I'd like to implement a simple blur, that is averaging 3x3 pixels in a single pass, without transposition.

What would be the best way to implement that in Rust? I'm looking for solution that would prevent the dreadful off-by-one and out of bounds access, but also wouldn't needlessly do bounds checks for every pixel.

In C it goes like this:

special_case_for_first_row();
for each row {
    special_case_for_first_pixel();
    for each pixel except first and last {
        // FAST PATH
    }
    special_case_for_last_pixel();
}
special_case_for_last_row();

In Rust, with iterators that feel "1D", that's a bit awkward.

I imagine with iterators it would go something like this:

    // chain iterators to duplicate first/last row
    std::iter::once(&vec[0..width]).chain(vec.chunks(width)).chain(std::iter::once(&vec[vec.len()-width..]))      
    .windows(3).flat_map(|rows|{
        // here should be more chaining to duplicate first/last pixel in each row
        return rows[0].windows(3).zip(rows[1].windows(3).zip(rows[2].windows(3)))
            .map(|(a,(b,c))|{
                return a[0]+a[1]+a[2]+
                   b[0]+b[1]+b[2]+
                   c[0]+c[1]+c[2];
            });
    });

but that doesn't actually work, because .windows() doesn't work on iterators.

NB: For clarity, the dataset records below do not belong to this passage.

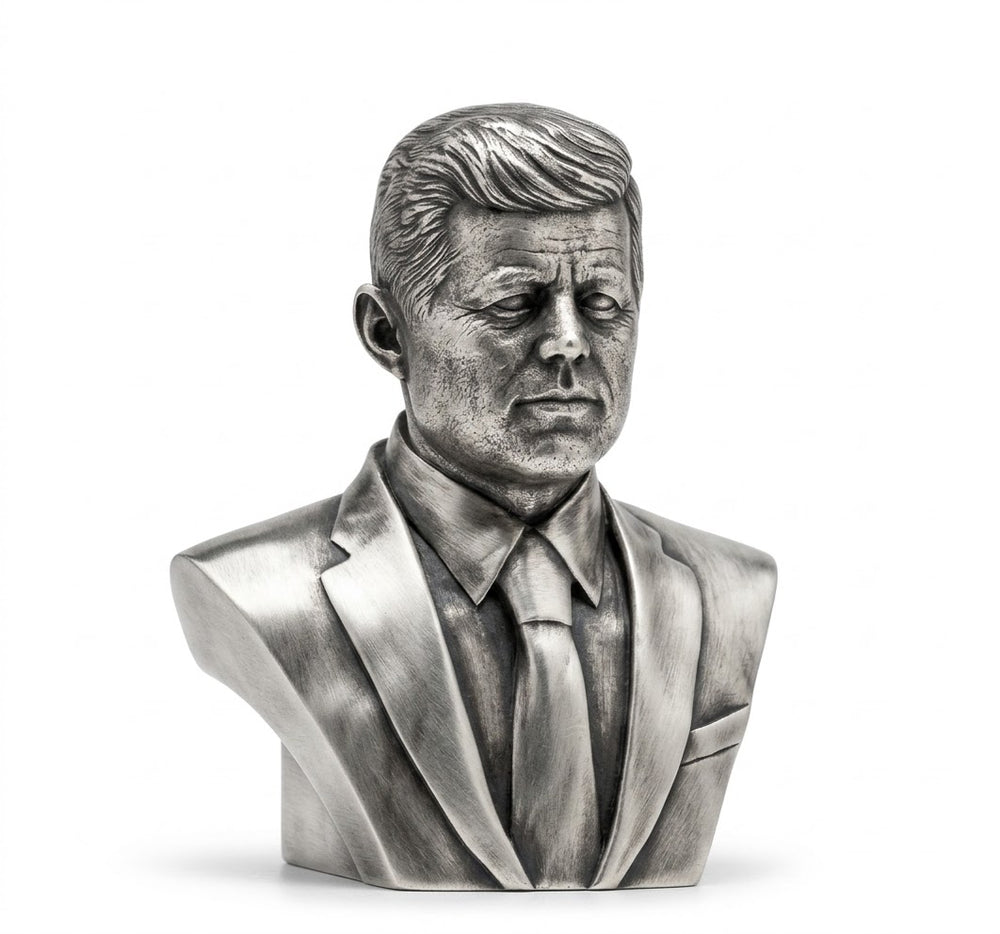JFK Bust
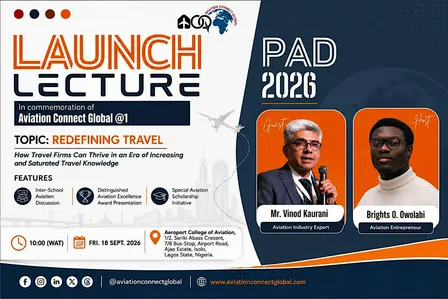 Launch Pad Lectures 2026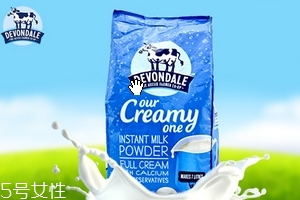 devondale奶粉怎么样,澳洲奶粉孕妇可以喝吗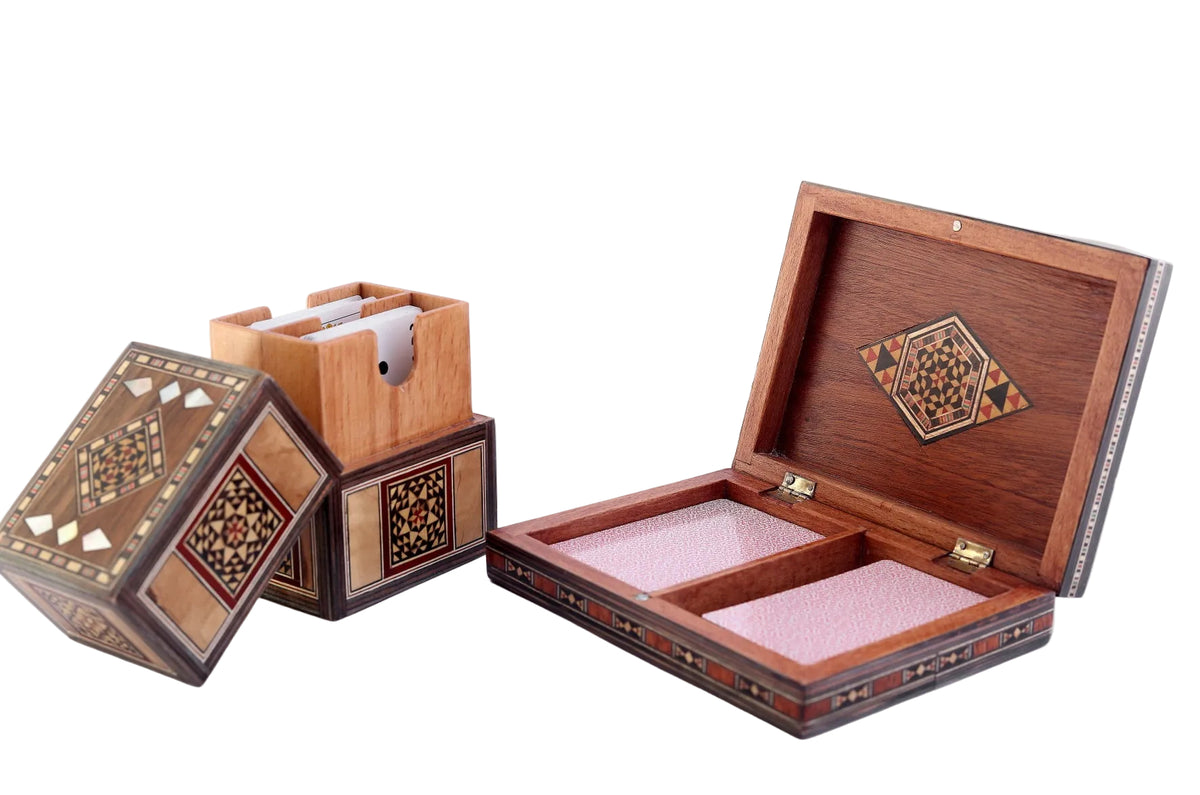 Card Box Mosaic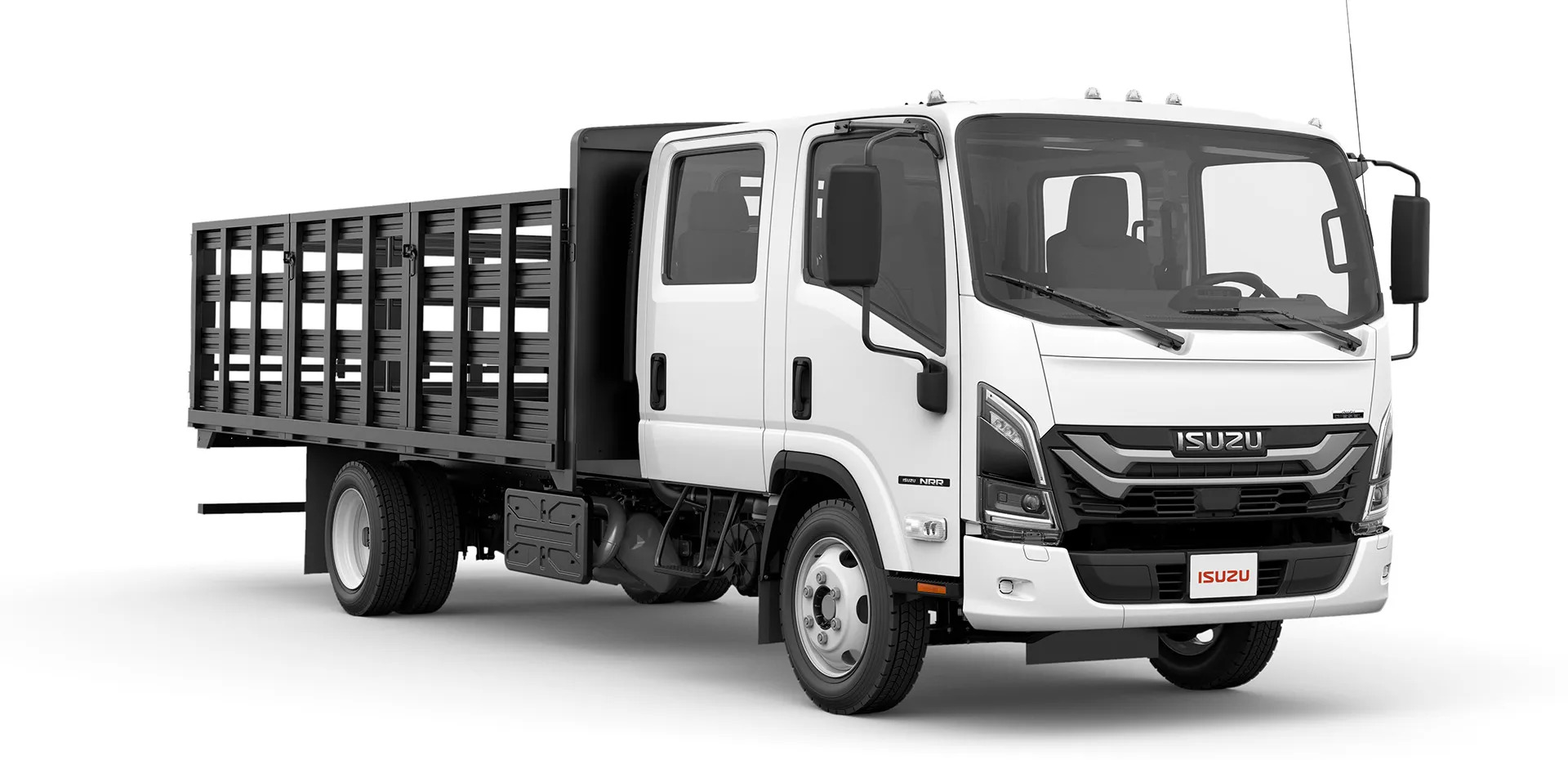 Isuzu NPR-HD Diesel lower_hero Isuzu NPR-HD Diesel lower_hero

And I'm not sure if I can expect the compiler to figure out how to make optimized inner loop for this, without any bounds checks and with a running average.

Are iterators even a good tool for this problem? Should I write equivalent of the C loops instead? Or maybe writing a custom iterator would help?

In my opinion, this is really obfuscating the code. Why not going the C way?

I was hoping for another solution, that's somewhere in between, because the C solution isn't great either.

While the C way looks easy to follow, it's actually very tricky to get right, as you have to get all the special cases right (e.g if width < 3), all partial sums right (off-by-one very easy to make and harder to notice), and the summing/averaging logic is scattered in 9 places (a pain if I wanted to extend it to use convolution/fancier blur kernel).

Is defining something like

fn neighbours<T: Copy + Default>(data: Vec<Vec<T>>, pixel_coordinate: (usize, usize)) -> [[T; 3]; 3]

out of the question for performance reasons?

I always prefer to write a helper function for enumerating neighbors to avoid corner cases in the corners, but I usually do this in Python

The helper done this way wouldn't be able to avoid bounds checks. Maybe an iterator returning [&[T; 3]; 3] could work performance-wise (it'd transmute the inner arrays in fast case, copy in special case).

I have the very same problem and I also believe there should be a windows()-method for iterators to solve this more elegantly.

As an alternative a clamped_windows()-method ([0, 0, 1], [0, 1, 2], [1, 2, 3], ..., [n-3, n-2, n-1], [n-2, n-1, n-1]) or a truncated_windows()-method ([0, 1], [0, 1, 2], [1, 2, 3], ..., [n-3, n-2, n-1], [n-2, n-1]) would be very handy.

The best workaround for my purposes seems to be a hybrid approach (edge case not implemented yet). I'm using a Vec-of-array as 2D field:

let mut front_field: Vec<[Sample; WIDTH]> = Vec::with_capacity(HEIGHT);

The outer loop calls a row handler, always passing three rows (as slice, as array or as separated arguments). The outer loop could handle the edge case by duplicating the first and/or last row (as you've already mentioned). Performance is not an issue on this level.

For the inner loop I used a classical index iterator, as I had to iterate over multiple arrays simultaneously (zip-iterating them was a bit slower and less readable). The resulting assembly was well optimized and didn't contain any boundary checks. I don't know if this works as well with slices rather than the arrays I used (zip-iterating might be the better choice for slices).

The edge-cases within a row would be solved "the C way" - I'm still looking for a better solution.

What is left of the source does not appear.